Littérature Québecoises

Bellefeuille, Normand de.

Un poker à Lascaux.

Éd. Québec Amérique, 2010, 194 p.

Quatre Québécoises vont visiter la grotte de Lascaux en France.

Chaque soir, quatre Montréalaises de la même famille s’attablent après le repas du soir autour d’un mauvais sherry pour jouer une partie de poker avec des cartes plastifiées qu’elles ont achetées lorsqu’elle se sont rendues dans le Périgord noir pour visiter la grotte de Lascaux. La tribu n’est pas pour autant grotesque quand l’une des tantes du narrateur Simon manifeste son impatience quand la pisse (annonce de la mise) tarde : « C’est l’fun en calvaire quand c’est joué à peu près dans même journée c’game-là! »

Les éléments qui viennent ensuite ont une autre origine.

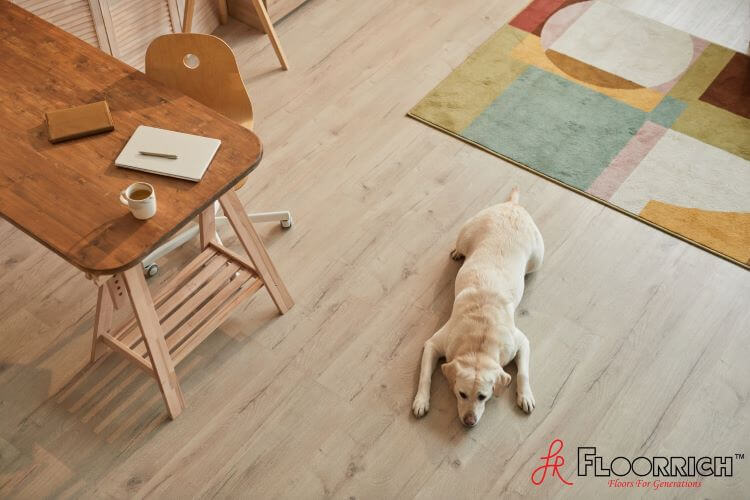5 Best Flooring Contractors in Singapore 2024 [Editor Review]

La toile de fond repose sur cette caverne tapissée de peintures d’animaux conservées en parfait état après 17,000 ans. L’intérêt de ces dames pour la grotte remonte à 1950 lorsqu’en allant voir Autant en emporte le vent, on a projeté, avant le blockbuster de l’époque, un documentaire sur la dite grotte, repérée par des adolescents lors d’un glissement de terrain survenu en 1940. À partir de ce jour, elles ont économisé jusqu’en 1963, année où elles ont pu s’envoler pour la France.

La trame sert de prétexte à l’autobiographie romancée de l’auteur, qui a vécu dans une famille au sein de laquelle trônaient des femmes bonnes comme du bon pain en dépit de l’apparence rugueuse de leurs sentiments. Femmes drôles, en particulier la grand’mère qui tente de se redresser les jambes à grands coups de bottin téléphonique. Comme dans Votre appel est important, ce sont leurs obsessions qui tiennent lieu de suspense. Leur curiosité brisera-t-elle les liens familiaux ? Sous la férule d’une aïeule forte en gueule, on se sent bien à l’aise au 4843 rue des Érables, quitte à bluffer pour tirer ses marrons du feu. En fait, chacun protège sa caverne pour survivre à l’instar de la grotte de Lascaux que l’on a interdit au grand public à cause du souffle humain, qui altère le trésor qu’il renferme.

Roman allégorique, dont la facture frappe encore davantage. Il se présente comme le travail d’un maître verrier, dont les pièces de verre reposent sans ordre sur sa table. L’auteur étale des tranches de vie anecdotiques. Ce n’est que le livre lu que l’on voit l’œuvre dans toute sa splendeur. Chaque chapitre, pouvant se lire dans le désordre, fait écho à l’esprit qui anime cette famille, dont Simon a hérité l’art de bluffer dans le cadre d’une complicité, qui ne berne personne en réalité, sauf le lecteur que l’auteur mystifie avec brio en lui servant en filigrane un cours 101 sur l’art romanesque. Bref, sous la plume de Normand de Bellefeuille, ce merveilleux roman populaire acquiert ses lettres de noblesse comme ceux de Michel Tremblay, qui évoquent le même quartier, voire les écoles de la même paroisse, soit celles de Saint-Pierre-Claver avec son célèbre pensionnat des Saints-Anges.